About – How It Started

Michael Adams graduated from university during a recession. With job offers for new graduates scarce, he and two co-founders, David McFadden and John McNaughton, launched a company grounded in their academic interest in studying social issues. A subsequent partnership between Michael Adams and Derek Ruston helped Environics build its strength as a business. This balance – between curious exploration and commercial success – remains central to Environics’ culture.

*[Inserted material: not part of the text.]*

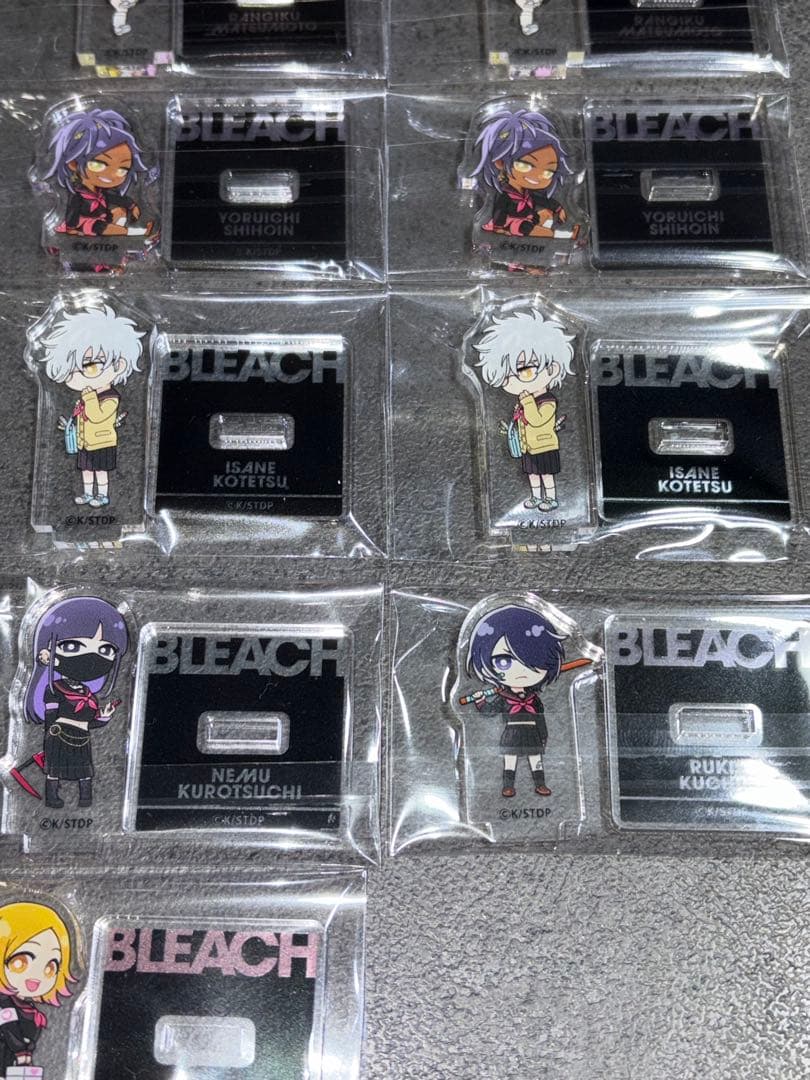 BLEACH ランダム　デフォルメ　キャラクター　ミニアクスタ　護延高校女子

Solutions – Social Values in Canada

Commencing our social values research program in Canada and around the globe in 1983, Environics became the first firm to bring social values measurement to Canada. The Environics Research Social Values measurement system measures the prevalence, growth, and decline of social values across society, as well as the concentration of values in particular social groups, such as youth or city-dwellers. Our annual surveys of thousands of Canadians let us measure and track social change over time. Since 1983, we’ve built the largest database of social values trends in North America, encompassing over 100 distinct constructs.

Book – Sex In The Snow

Sex in the Snow: The Surprising Revolution in Canadian Social Values was the first book by Environics founder Michael Adams describing findings from Environics social values research. A national bestseller, it argued that demography was not destiny – that values shape people’s lives and choices alongside characteristics like age or gender – it divided the Canadian population into 12 values segments across three generations: Elders, Baby Boomers, and Generation X.

Book – Fire And Ice

Drawing on a decade of social values research conducted on both sides of the Canada-U.S. border, Michael Adams’s third book was Fire And Ice: The United States, Canada and the Myth of Converging Values. It argued that despite the two countries’ profound economic integration, their many historical, demographic and geographic similarities, and the ubiquity of American popular culture in Canada, Canadians and Americans increasingly saw the world differently.

News – Donner Prize

Fire and Ice: The United States, Canada and the Myth of Converging Values won the 2003/2004 Donner Prize for Best Public Policy Book by a Canadian, praised as “an outstanding book that addresses a critical issue underlying many current policy arguments.” It was also selected by the Literary Review of Canada as one of the hundred most important books ever published in Canada.